Chinese-Americans concerned about new Texas immigration law

World Today

A new and controversial immigration law is set to go into effect in the U.S. state of Texas next month. The measure will allow law enforcement to question, detain or arrest individuals over their citizenship status.

CGTN’s Nitza Soledad Perez reports on how the Asian-American community is reacting to the statute.

Starting Sept. 1, police officers in Texas will be allowed to ask any person they arrest or detain about their immigration status. The undocumented are in fear.

There have been protests, especially among the Hispanic population, which accounts for nearly half of all Texans, but they are not alone. “This topic is painful for me. Because I am an immigrant, my parents are immigrants, I represent a district filled with immigrants,” Texas state representative Gene Wu said.

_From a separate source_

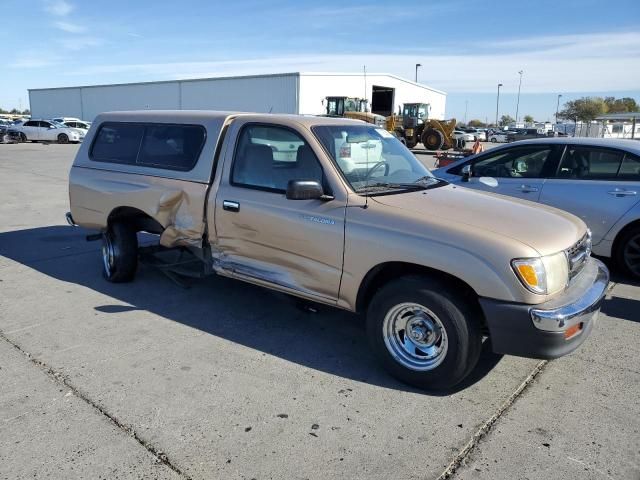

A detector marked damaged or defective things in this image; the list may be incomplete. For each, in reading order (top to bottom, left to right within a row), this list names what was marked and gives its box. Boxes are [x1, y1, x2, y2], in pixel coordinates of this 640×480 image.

dented door panel [71, 166, 209, 248]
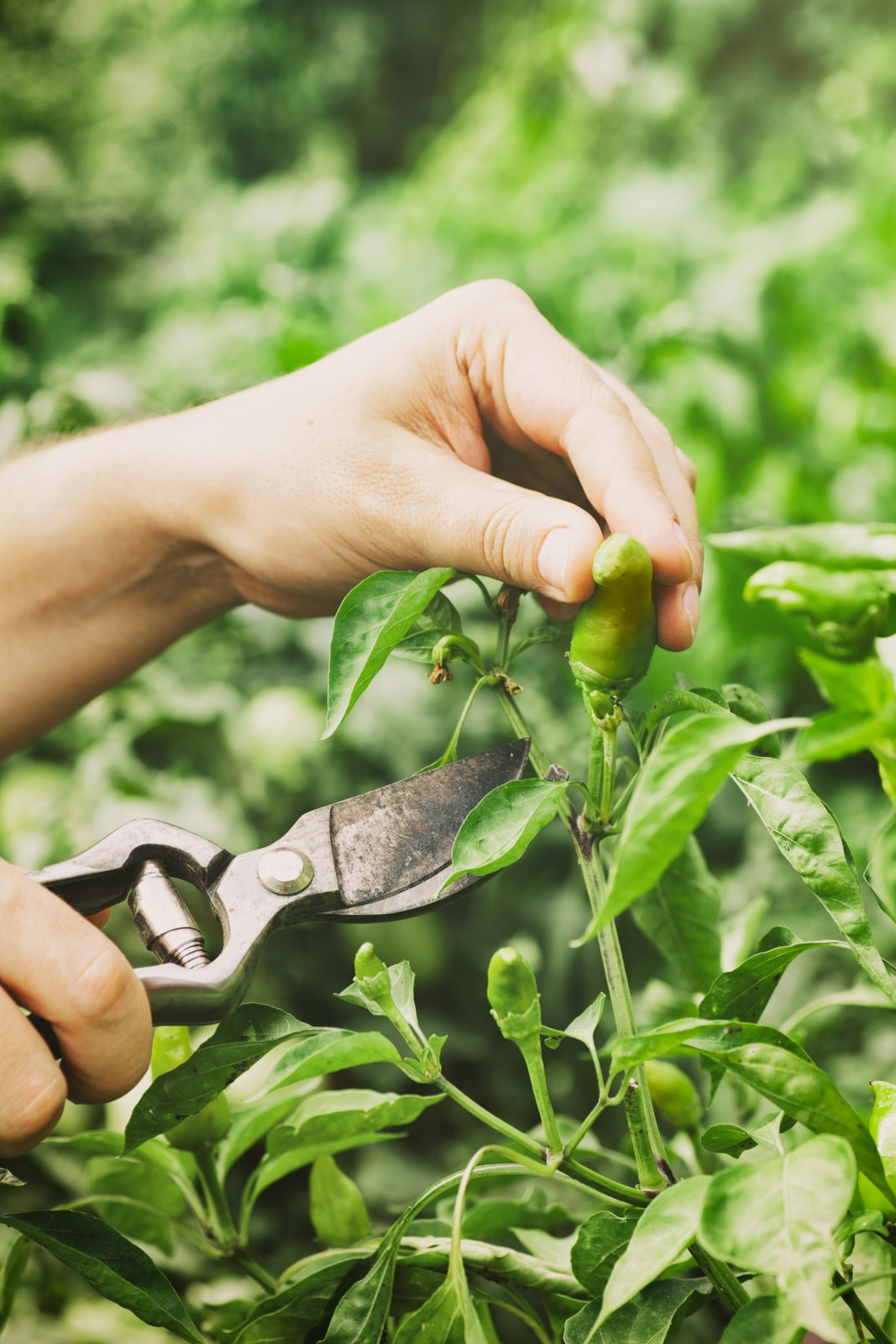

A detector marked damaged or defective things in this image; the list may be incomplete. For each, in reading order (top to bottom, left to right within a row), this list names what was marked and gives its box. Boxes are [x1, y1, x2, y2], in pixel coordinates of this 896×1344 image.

rusty metal blade [327, 742, 529, 908]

One out of every seven Asian-Americans in the U.S. is undocumented. Wu said 90,000 of those are living in Texas illegally.

Wu, who is Chinese-American, has been speaking out against the policy. “What basically this bill says is that it’s open season for immigrants…all they know is you look Hispanic, you look Asian, so you must be an easy target,” Wu said.

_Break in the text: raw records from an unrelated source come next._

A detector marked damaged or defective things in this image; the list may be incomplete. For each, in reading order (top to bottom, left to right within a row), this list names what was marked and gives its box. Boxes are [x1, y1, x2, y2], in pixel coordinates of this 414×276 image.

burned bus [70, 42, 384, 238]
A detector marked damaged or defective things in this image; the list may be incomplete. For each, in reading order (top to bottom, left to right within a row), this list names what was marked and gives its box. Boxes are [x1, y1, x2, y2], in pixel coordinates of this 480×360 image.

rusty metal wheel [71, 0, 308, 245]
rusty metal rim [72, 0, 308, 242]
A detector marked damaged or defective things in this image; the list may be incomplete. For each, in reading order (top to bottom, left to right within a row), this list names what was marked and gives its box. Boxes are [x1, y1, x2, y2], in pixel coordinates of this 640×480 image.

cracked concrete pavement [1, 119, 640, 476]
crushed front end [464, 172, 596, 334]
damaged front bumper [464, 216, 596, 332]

The Texas law hits local governments with civil and criminal penalties if they don’t enforce the immigration law. Even police chiefs can be jailed.

Chinese-American community leaders worry about the law’s impact. “It affects us personally because all of us look different, no matter how many generations we’ve been here. We are always going to be considered foreigners. So we can be stopped just because they are looking and racially profiling, if you will,” community leader Rogene Gee calvert said.

Opponents said the law will endanger community police efforts, and they hope federal courts will intervene. “I’m hoping that the court system will look into this legislation and see the kind of inequality it is exacting and carrying out and will block it from taking force,” Chinese-American professor at the University of Texas Madeline Hsu said.

Those who oppose the law will keep fighting. Supporters, meanwhile, are demanding a better policing of the nation’s borders and enforcement of existing laws.